2016-09-07 Akka streams & Bloom filters; and ML Pipeline for Text Classification

An Investigation of Akka Streams and Bloom Filters - Abstract 

Link to slideshow: PDF Slideshow

Anthony is involved in replacing a legacy system based on batch processing with stream processing to more quickly monetize the data and decrease costs. Akka Streams promised to be fast and good at managing state, while Bloom Filters promised to save a lot of costly Cassandra joins while being at least 99% correct. This is the story of their investigation in using Akka Streams and Bloom Filters for part of their new system.

Anthony May - Bio

Anthony is a Senior Software Engineer with the Oracle Data Cloud where he works on the Campaign Dev team. His work is focused on the ingest of large volumes of unbounded streaming datasets using Akka, Spark, Kafka, Mesos etc. Previously he's built software for Healthcare, Education and Retail.

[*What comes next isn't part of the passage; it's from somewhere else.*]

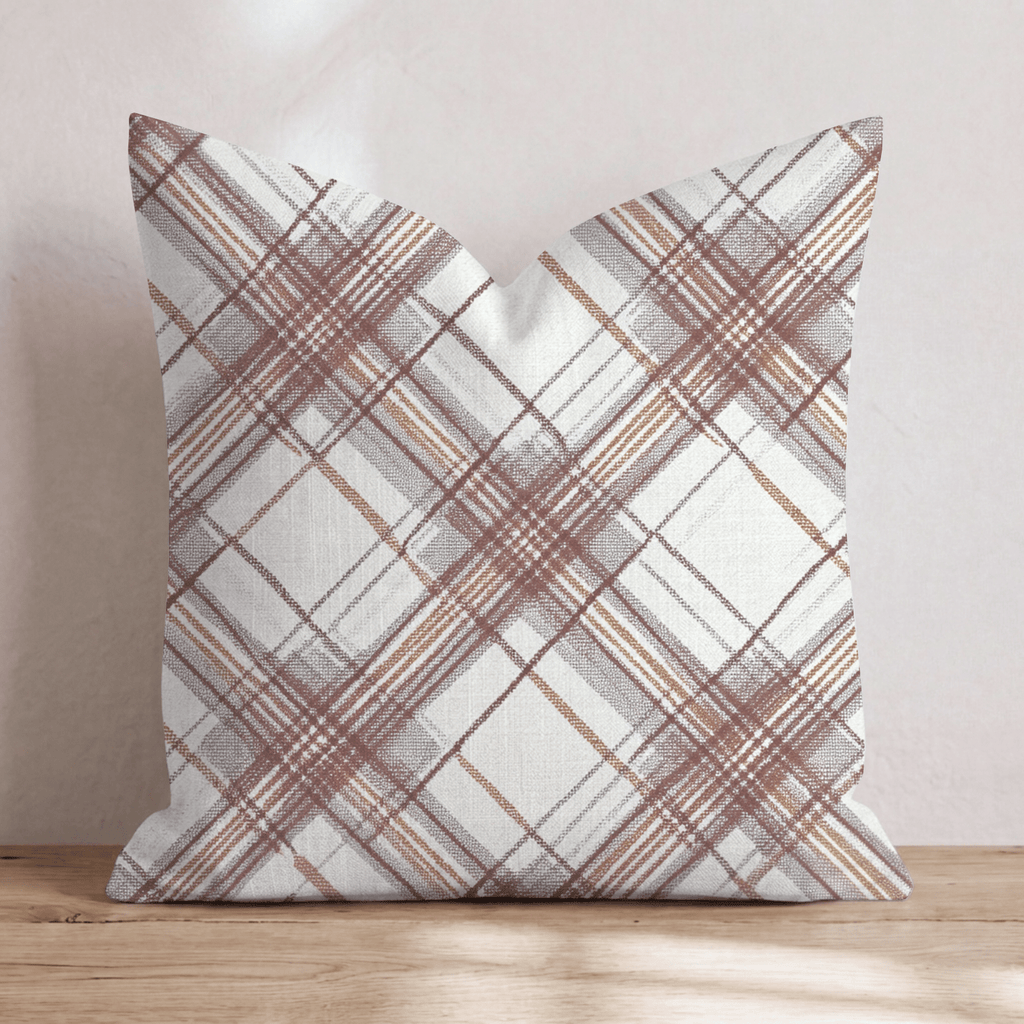 Fall Plaid Throw Pillow - Hillcroft Home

He originally hails from New Zealand and moved to the USA in 2012. 

 

Spark ML Pipeline for Text Classification - Abstract 

Link to slideshow: PDF Slideshow

Text classification is a broad topic ranging from binary spam filtering to enterprise document management.  Spark on Hadoop’s distributed approach to machine learning is an ideally suited solution to the problem of classifying documents at large scale.  This talk will cover the use of another Apache product, Tika, and the use of Tesseract open source OCR to get a handle on multi-class document categorization.  The focus will be on text extraction and cleansing through Spark ML Pipeline Models.

Adam Hicks - Bio

Adam’s background is where data analyst, full stack developer and DevOps engineer converge.  He has an academic background in philosophy, pure mathematics and graduate computer science.  His work spans business automation with Visual Basic, micro service application development, continuous integration for the enterprise and management of a Hadoop stack from the bottom to the top with a focus on Spark development.  Adam has an undying passion for all things open source and *nix, and currently works for a small financial services company helping provide solutions anywhere they need a fresh approach.